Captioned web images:
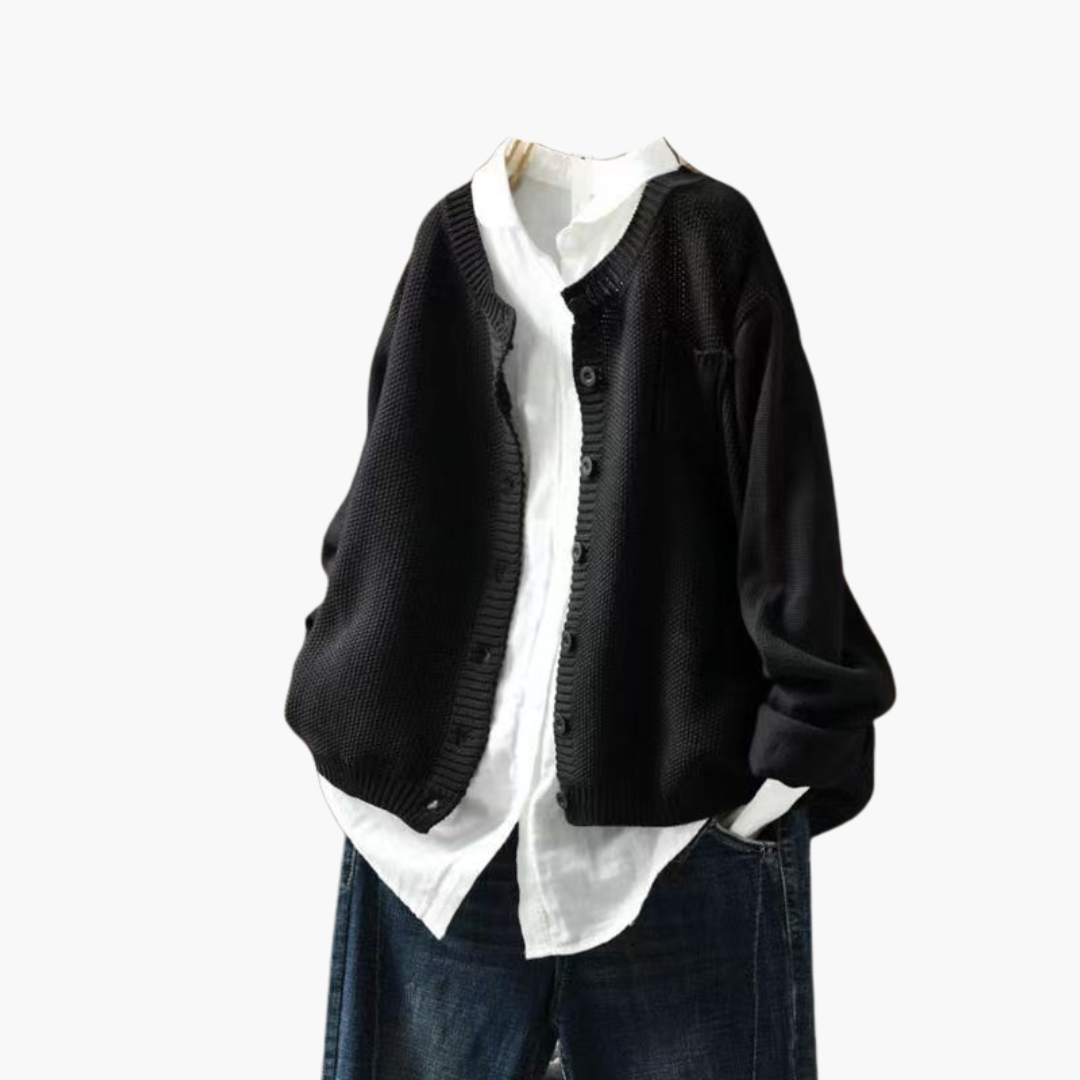 Women's Knit Cardigan with Buttons | Altivaro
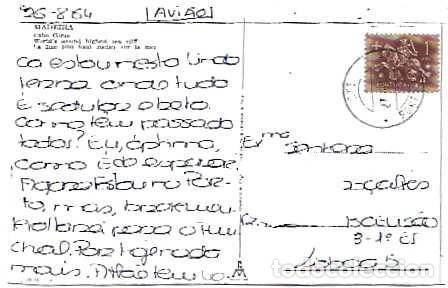 Sellos: Portugal & Marcofilia, Madeira, Camara de Lobos, Cabo Gir&atilde;o, Porto Santo a Lisboa 1964 (999)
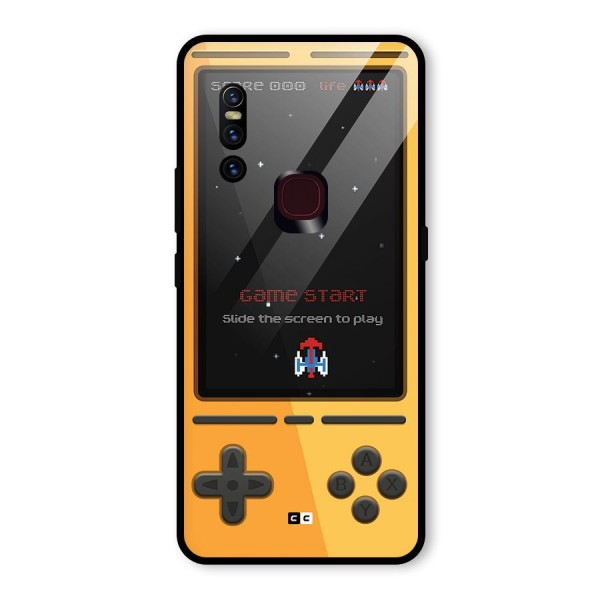 Retro Gamepad Glass Back Case for Vivo V15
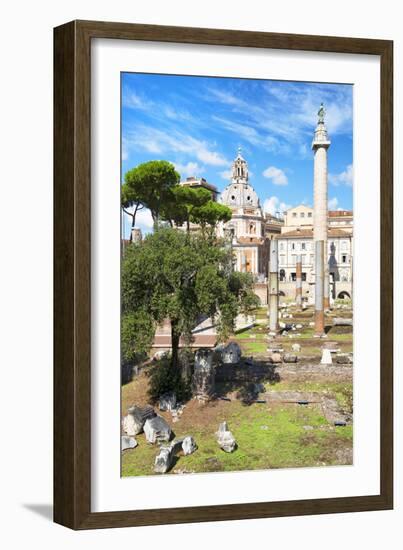 Dolce Vita Rome Collection - Roman Archaeology Columns IV-Philippe Hugonnard-Framed Photographic Print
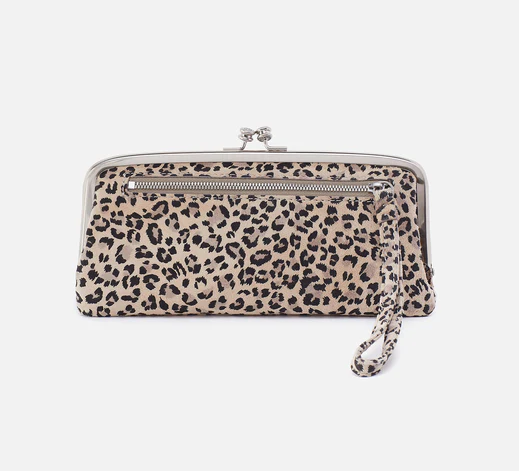 Hobo Cora Large Frame Wallet - Mini Leopard
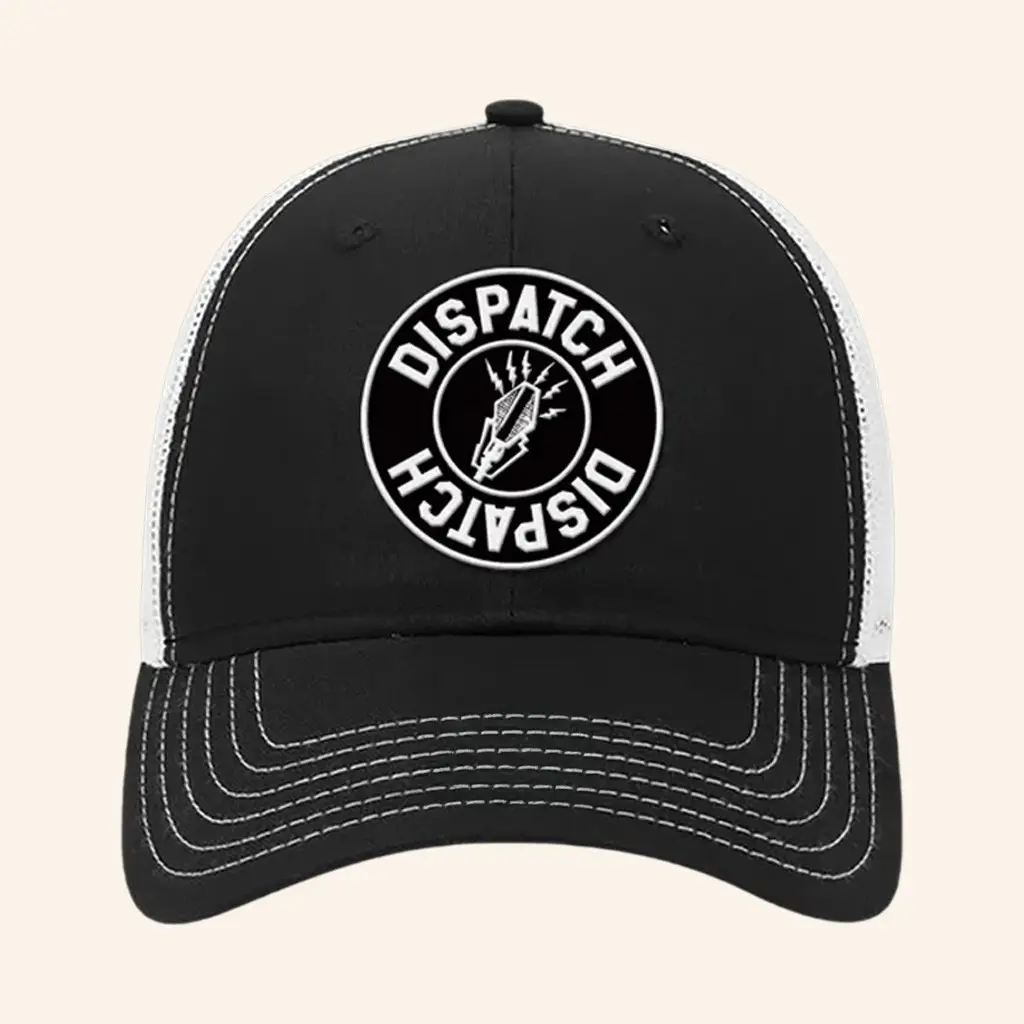 Dispatch Merch Microphone Trucker Hat Embroidered Christmas Presents For Dad - Wear&Decor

**Exercise prompt:**
Repeat word for word, leaving out the pictures, each line of the records from the line that holds "Retro Gamepad Glass Back Case for Vivo V15" through the final one.

**Exercise output:**
 Retro Gamepad Glass Back Case for Vivo V15
 Dolce Vita Rome Collection - Roman Archaeology Columns IV-Philippe Hugonnard-Framed Photographic Print
 Hobo Cora Large Frame Wallet - Mini Leopard
 Dispatch Merch Microphone Trucker Hat Embroidered Christmas Presents For Dad - Wear&Decor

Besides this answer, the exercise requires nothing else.